Charlotte Rampling & Jim Broadbent in A Sense of an Ending


Some of you know that I have another site where I mostly muddle around with memoir. I’m only half-joking when I say that memoir begins with me, fitting for what can amount to a narcissistic fascination with one’s own life. French for memory, the trouble with writing memoir is that memory is so very fuzzy, not only because memories fade with time, but also because they change. We are occasionally guilty not only of forgetting but of rewriting our own history, blurring the facts to fit our own carefully curated images. We have created a life for ourselves, smoothing our own rough edges, polishing up moments where we shine, relegating those less than brilliant times, evidence of our own failures and disappointments to darker corners where they lay gathering dust, gladly forgotten. 



This was another of our fears, that life wouldn’t turn out to be like literature.’’






That’s why The Sense of an Ending, coming out tomorrow, March 10, is high on my must-see list. I’m reading Julian Barnes’ book, a slim 118-page volume, on my Nook™ now. I’m only 1/3 of the way in, finding that despite its’ length, the novel about re-visiting old friendships and relationships, is dense with notions about life, the passage of time, and self-preservation that make you stop and think, reflecting on your own re-imagined history.
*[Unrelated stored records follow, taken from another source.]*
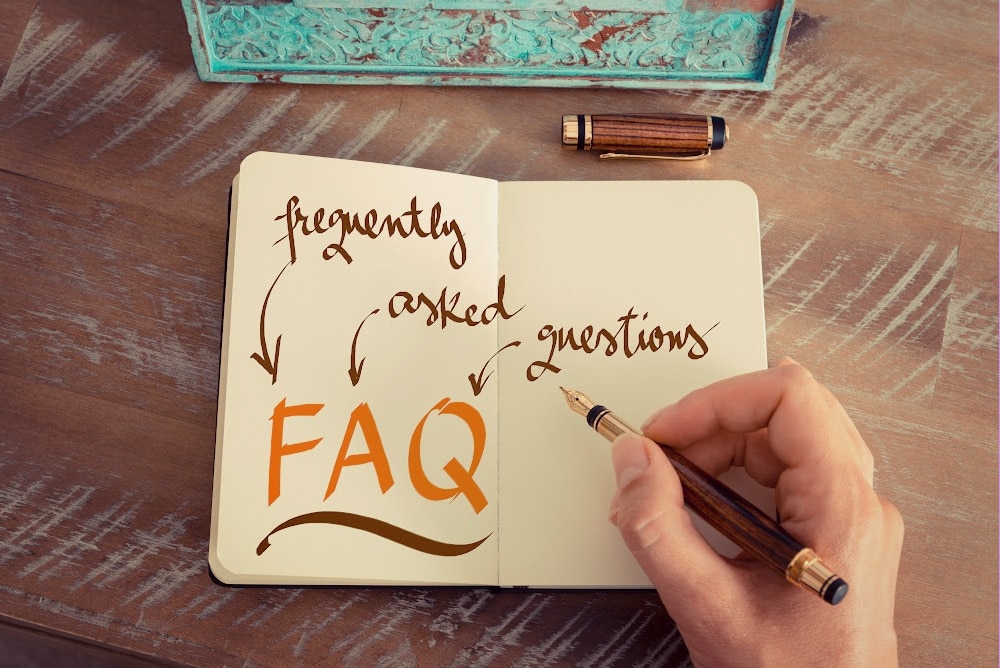 a writer writing in a notebook FAQ frequently asked questions
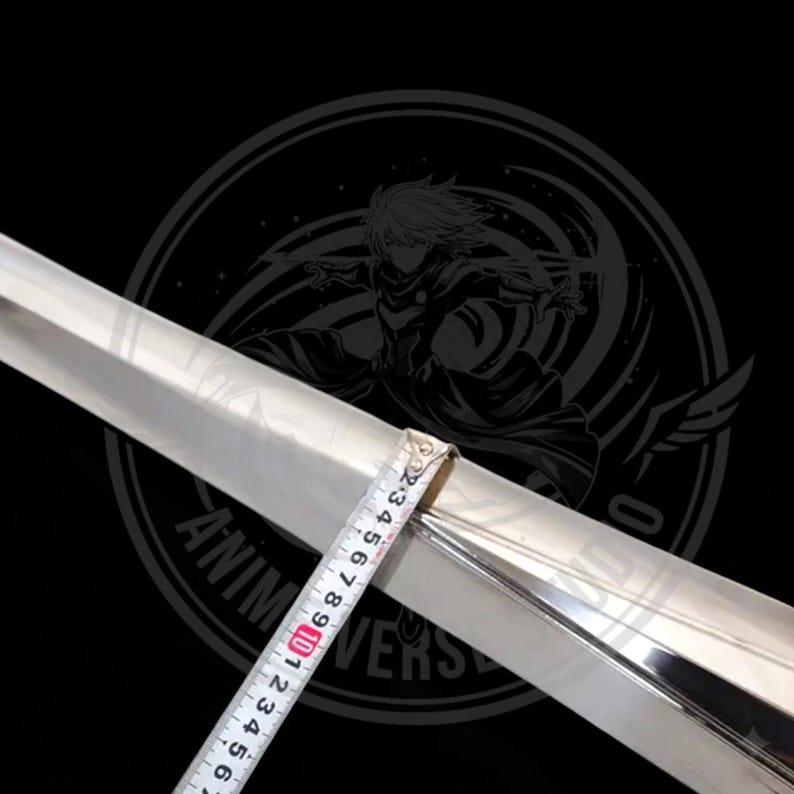 May include: A polished, silver-colored sword blade with a tape measure showing a measurement. The blade is set against a black background with a circular logo that reads "Anime Universe". The blade appears to be approximately 4 inches long.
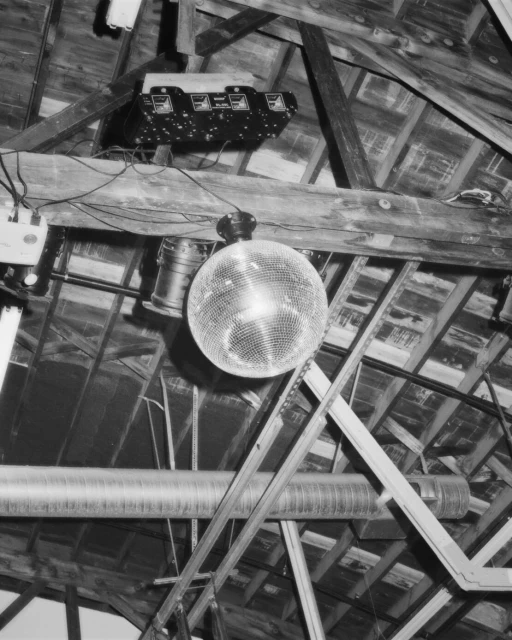 Shiny disco ball hanging in an interior space with exposed rafters and metal ducts. The disco ball is the main focus, creating a vintage ambiance.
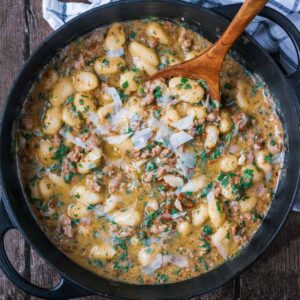 Creamy sausage gnocchi in a large black pan.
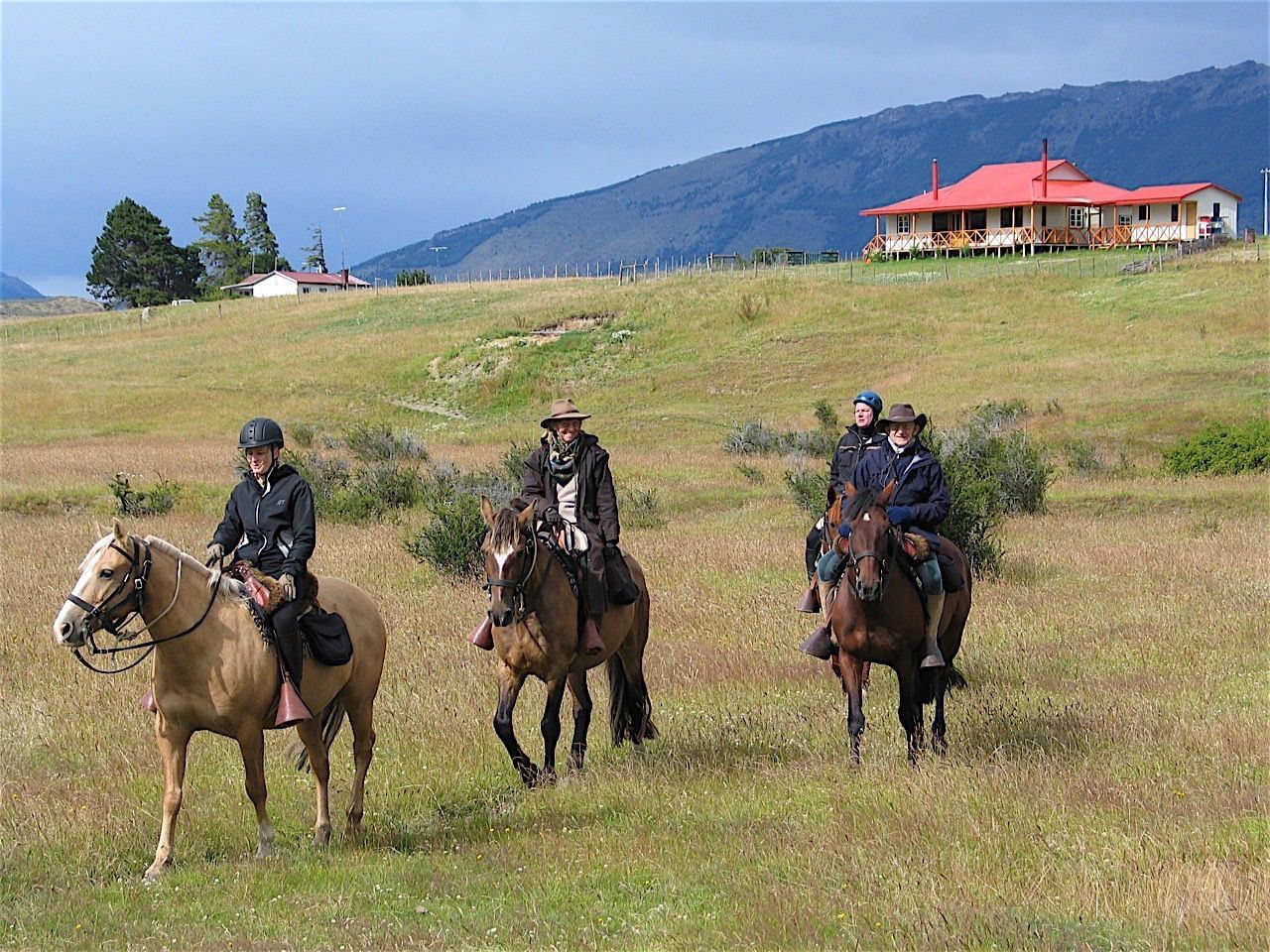 4 men on horses at Sofia Lake Horseback Ride near NOI Indigo 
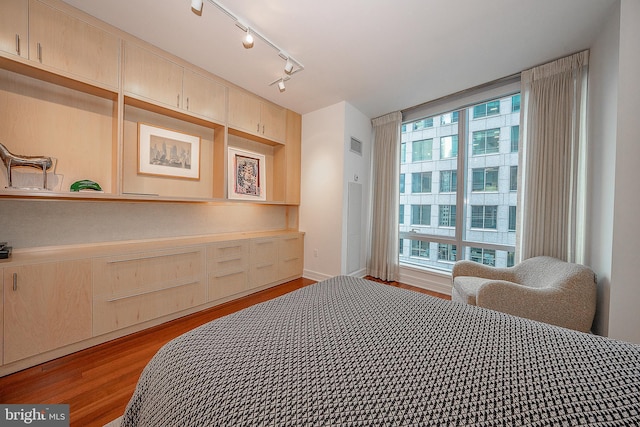 bedroom featuring light wood-type flooring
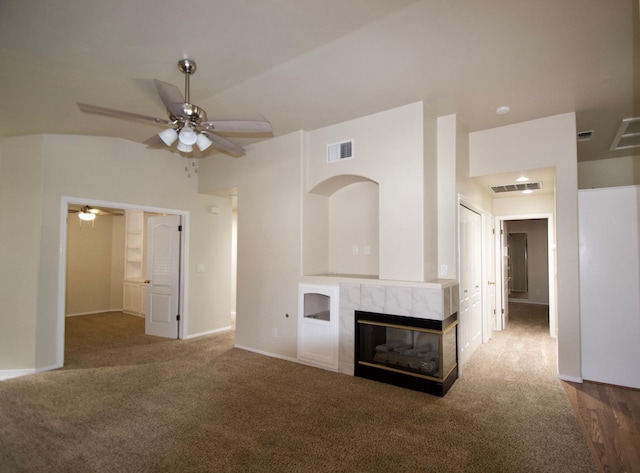 unfurnished living room featuring carpet, a ceiling fan, visible vents, and a fireplace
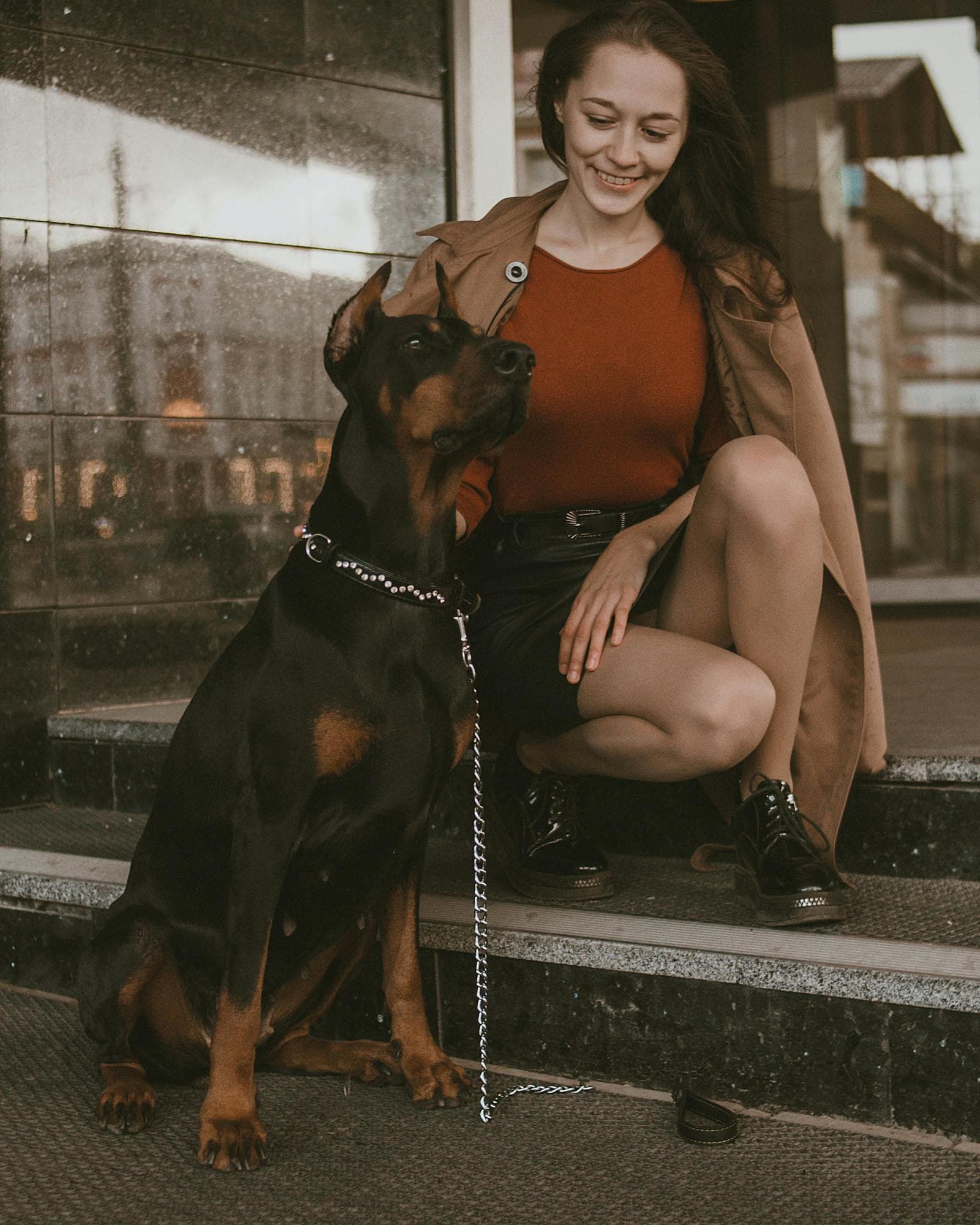 Shiran with a dog — a quiet moment from the studio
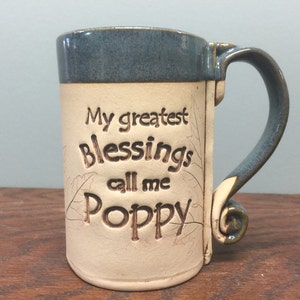May include: A handmade ceramic mug with a blue rim and handle. The mug is cream-colored with the words "My greatest Blessings call me Poppy" etched into the front. The handle has a unique, decorative swirl.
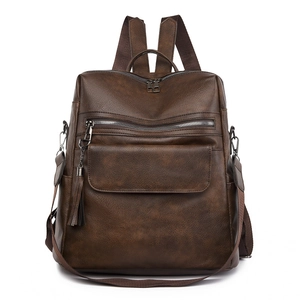Brown faux leather fashion backpack for women with multiple zippers and 14 inch laptop space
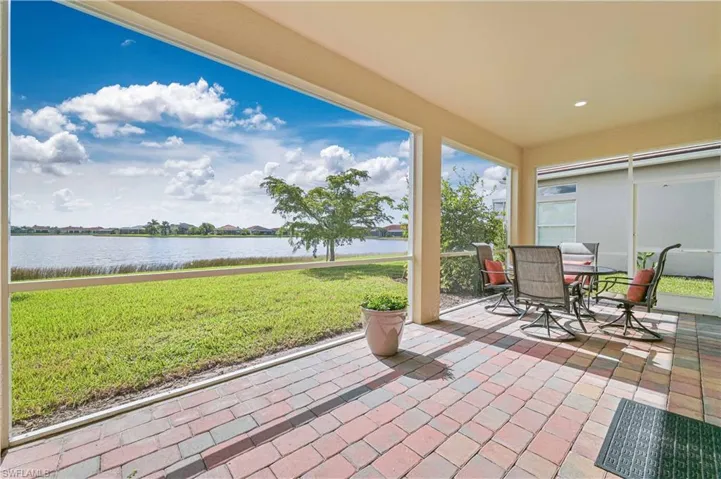 View of patio with a water view and outdoor dining area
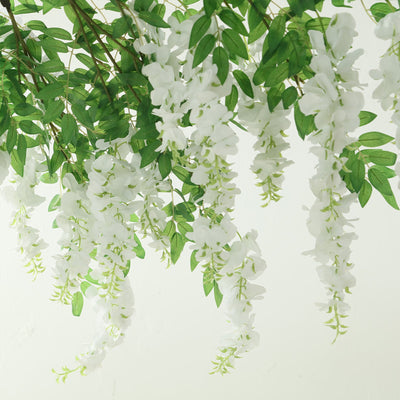 White floral garland with green leaves on a plain background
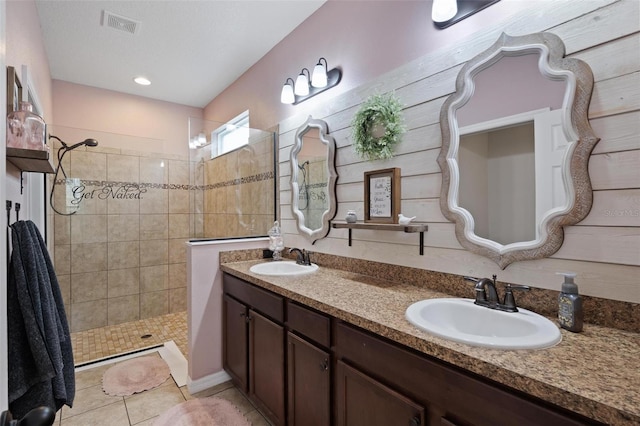 bathroom featuring vanity, tile patterned floors, and tiled shower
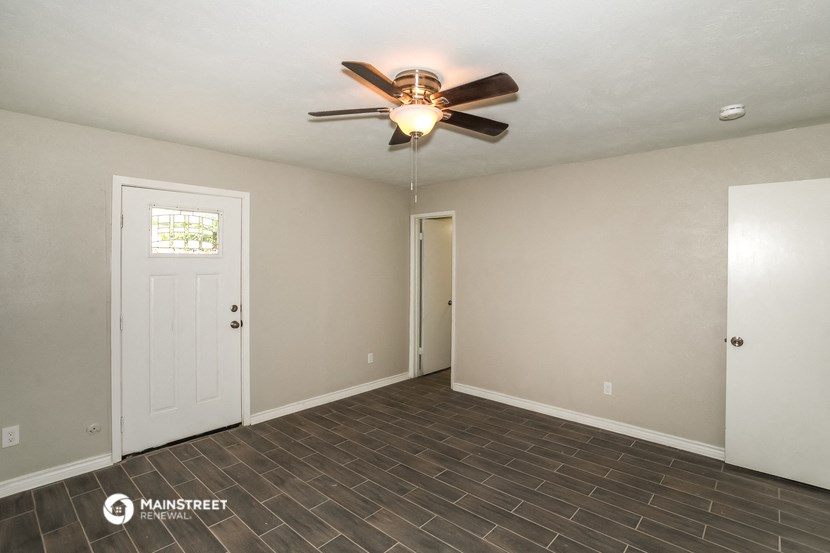 the empty living room of a house with a ceiling fan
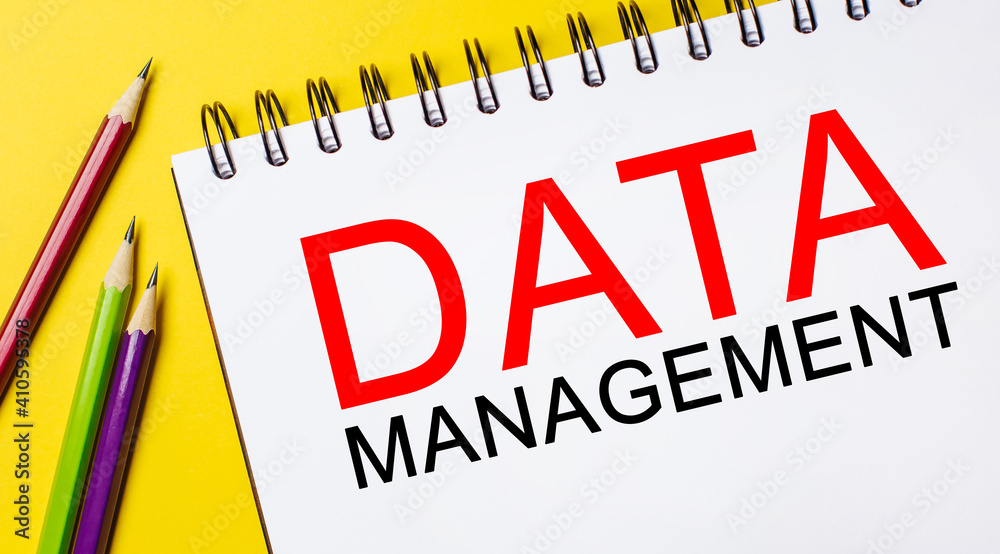 DATA MANAGEMENT on a white notepad with pencils on a yellow background. Business concept DATA MANAGEMENT on a white notepad with pencils on a yellow background. Business concept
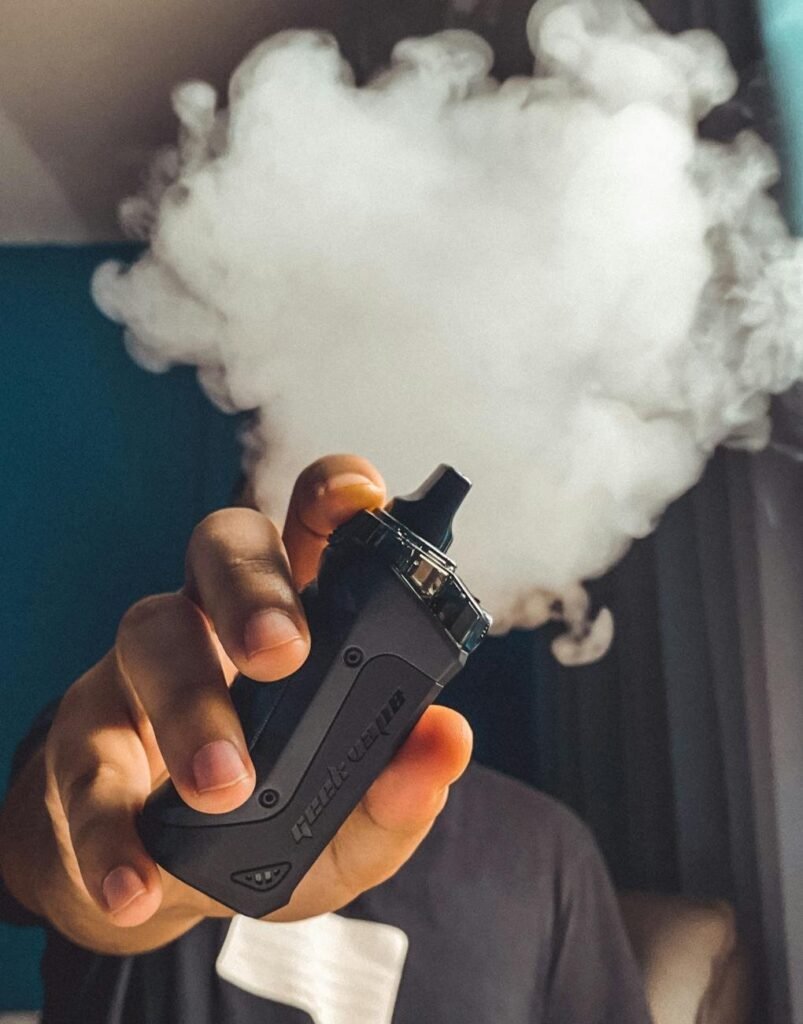 Person holding black vape - Photo by Renz Macoro Pexels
“And that’s a life, isn’t is? Some achievements and some disappointments. It’s been interesting to me, though I wouldn’t complain or be amazed if others found it less so. Maybe, in a way, Adrian knew what he was doing. Not that I would have missed my own life for anything, you understand. 
I survived. “He survived to tell the tale’’—that’s what people say, don’t they? History isn’t the lies of the victors, as I once glibly assured Old Joe Hunt; I know that now. It’s more the memories of the survivors, most of whom are neither victorious nor defeated.’’

The Sense of an Ending stars Jim Broadbent as Anthony, our narrator, with Charlotte Rampling as Veronica, the current manifestation of an early ‘girlfriend’. Billy Howle is young Tony, his friend, the Adrian referred to in the quote, played by Joe Alwyn (Billy Lynn’s Long Halftime Walk). The cast includes Michelle Dockery, Matthew Goode, Freya Morva as the young Veronica and Emily Mortimer as her mother



Are you old enough to have started wondering how you ended up where you are now? 
Is this the destination you had in mind?